**Brief:** Set down exactly the lines below, starting at the one that contains "Supplementary Fig. 1" and ending at the one that contains "phylum is not", with both of those lines included and nothing else.

**The data:**
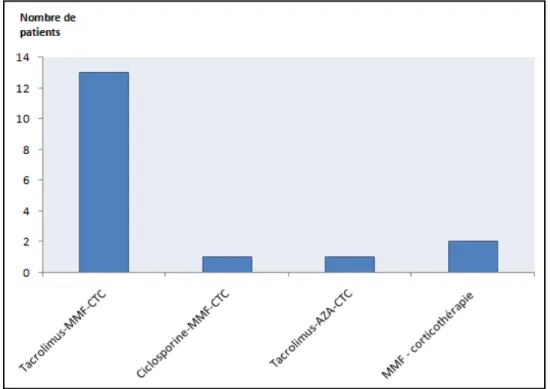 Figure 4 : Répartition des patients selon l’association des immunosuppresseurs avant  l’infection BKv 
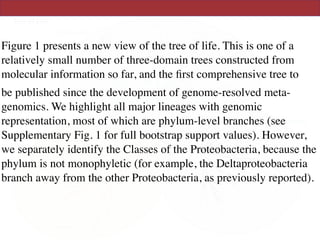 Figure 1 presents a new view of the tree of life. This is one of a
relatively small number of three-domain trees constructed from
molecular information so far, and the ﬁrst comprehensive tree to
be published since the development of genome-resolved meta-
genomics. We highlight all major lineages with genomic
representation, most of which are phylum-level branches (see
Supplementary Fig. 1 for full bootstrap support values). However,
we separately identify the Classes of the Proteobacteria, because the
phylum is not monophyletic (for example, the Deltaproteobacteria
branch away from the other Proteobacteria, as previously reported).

* * *

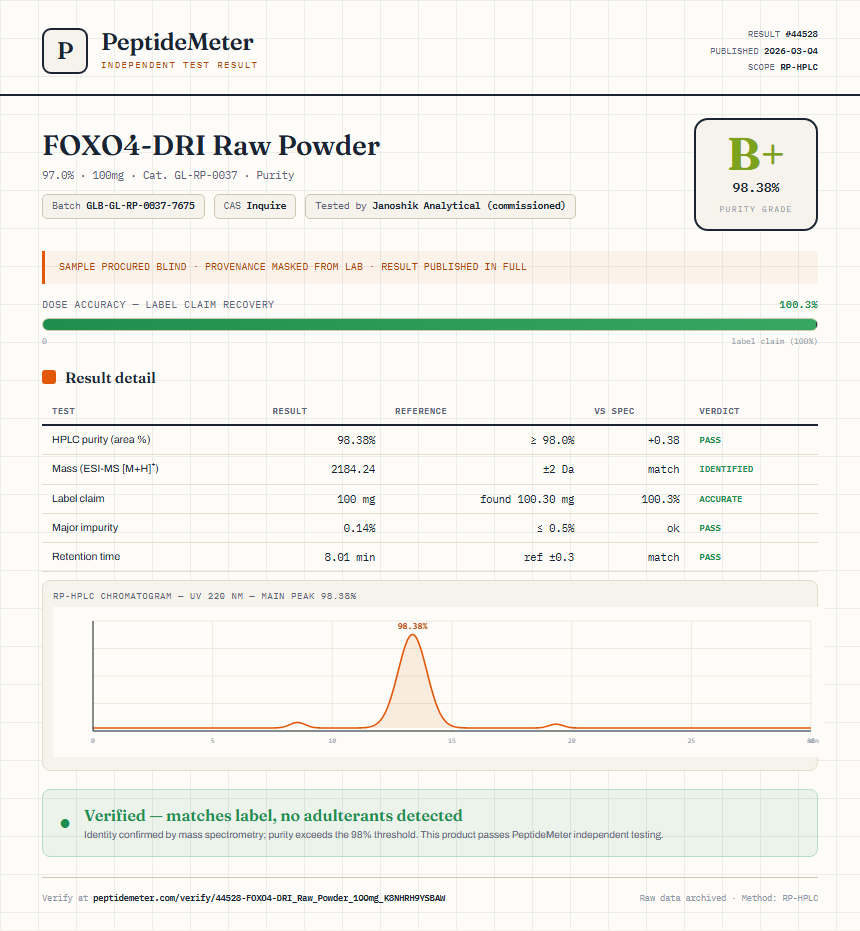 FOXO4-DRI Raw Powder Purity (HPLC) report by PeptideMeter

==

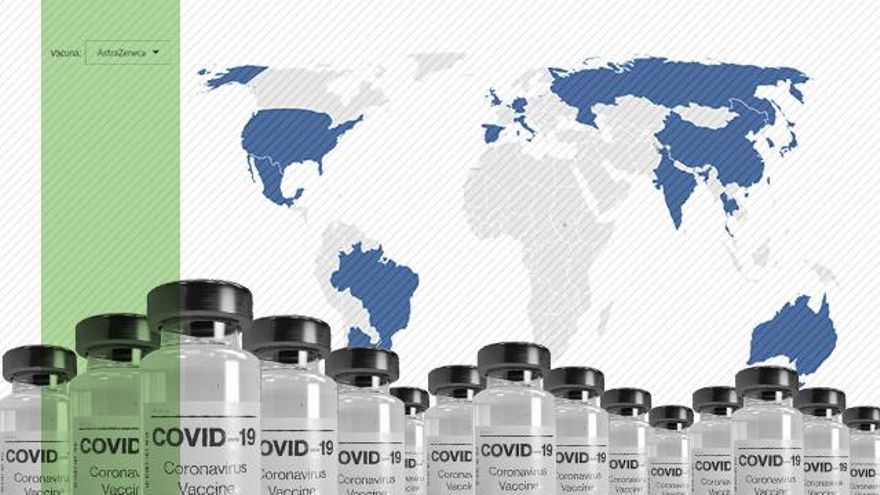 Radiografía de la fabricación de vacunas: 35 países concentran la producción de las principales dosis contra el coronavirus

**Answer below:**
Supplementary Fig. 1 for full bootstrap support values). However,
we separately identify the Classes of the Proteobacteria, because the
phylum is not monophyletic (for example, the Deltaproteobacteria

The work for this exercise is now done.